Abstract Atmospheric evaporative demand plays a pivotal role in global water and energy budgets, and its change is very important for drought monitoring, irrigation scheduling, and water resource management under a changing environment. Here, future changes of pan evaporation Epan, a measurable indicator for atmospheric evaporative demand, are first projected and attributed over China through a physically based approach, namely, the PenPan model, forced with outputs from 12 state-of-the-art climate models from phase 5 of the Coupled Model Intercomparison Project. An equidistant quantile mapping method was also used to correct the biases in GCMs outputs to reduce uncertainty in Epan projection. The results indicated that Epan would increase during the periods 2021–50 and 2071–2100 relative to the baseline period 1971–2000 under the representative concentration pathway (RCP) 4.5 and 8.5 scenarios, which can mainly be attributed to the projected increase in air temperature and vapor pressure deficit over China.
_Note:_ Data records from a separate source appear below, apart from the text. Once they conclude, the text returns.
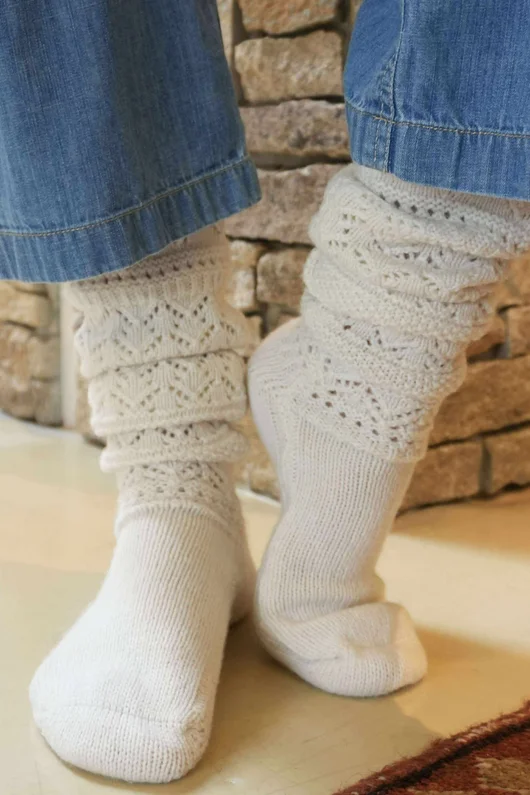Pointelle Knit Slouch Socks Ecru 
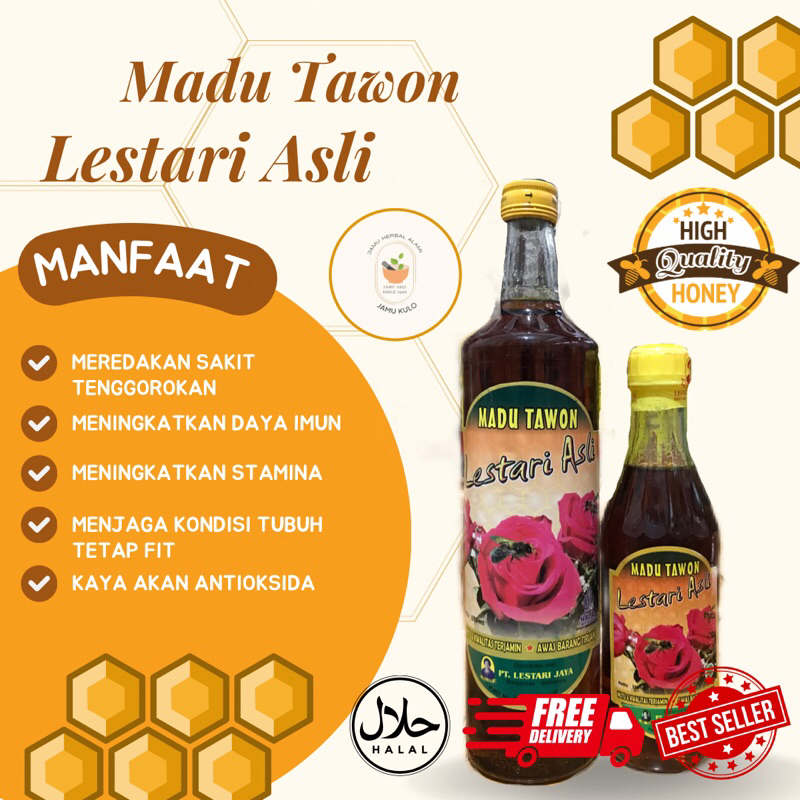 

MADU HONEY TAWON HUTAN ASLI MURNI ALAMI MULTIVITAMIN / MADU LESTARI 650ml & 350ml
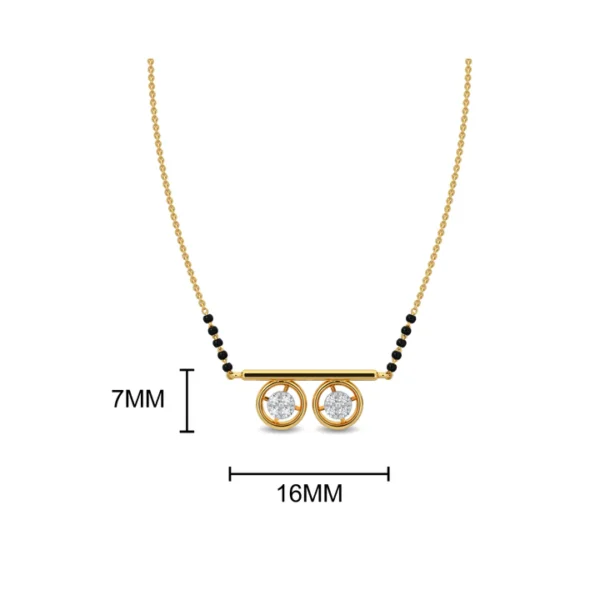 Gold Diamond Two Circular Pendant Mangalsutra - Image 3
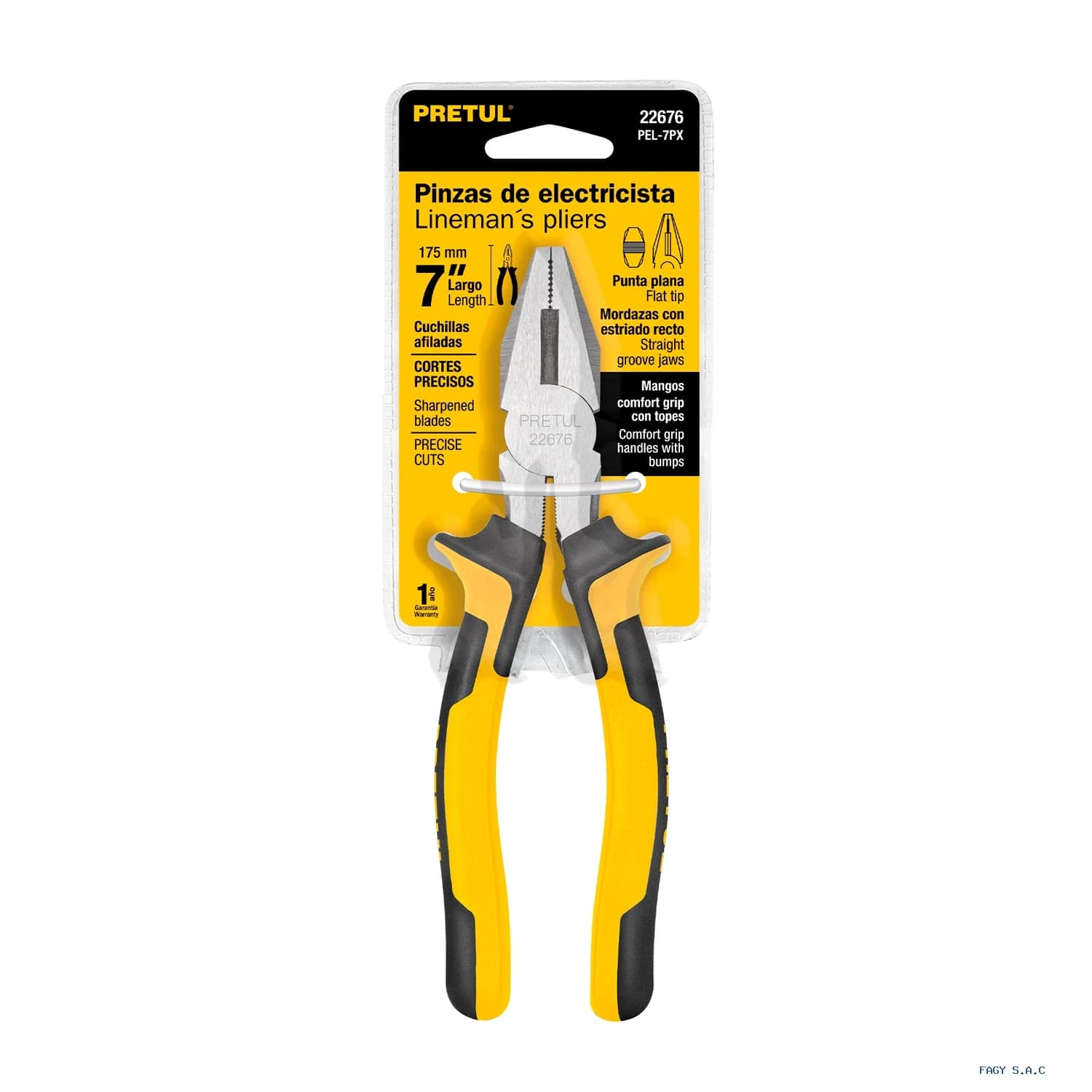 Alicate pinza para electricista 7" mango Comfort Grip, Pretul 22676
The percentage increase of Epan is relatively larger in eastern China than in western China, which is due to the spatially inconsistent increases in air temperature, net radiation, wind speed, and vapor pressure deficit over China. The widely reported “pan evaporation paradox” was not well reproduced for the period 1961–2000 in the climate models, before or after bias correction, suggesting discrepancy between observed and modeled trends. With that caveat, it was found that the pan evaporation has been projected to increase at a rate of 117–167 mm yr−1 K−1 (72–80 mm yr−1 K−1) over China using the multiple GCMs under the RCP 4.5 (RCP 8.5) scenario with increased greenhouse gases and the associated warming of the climate system.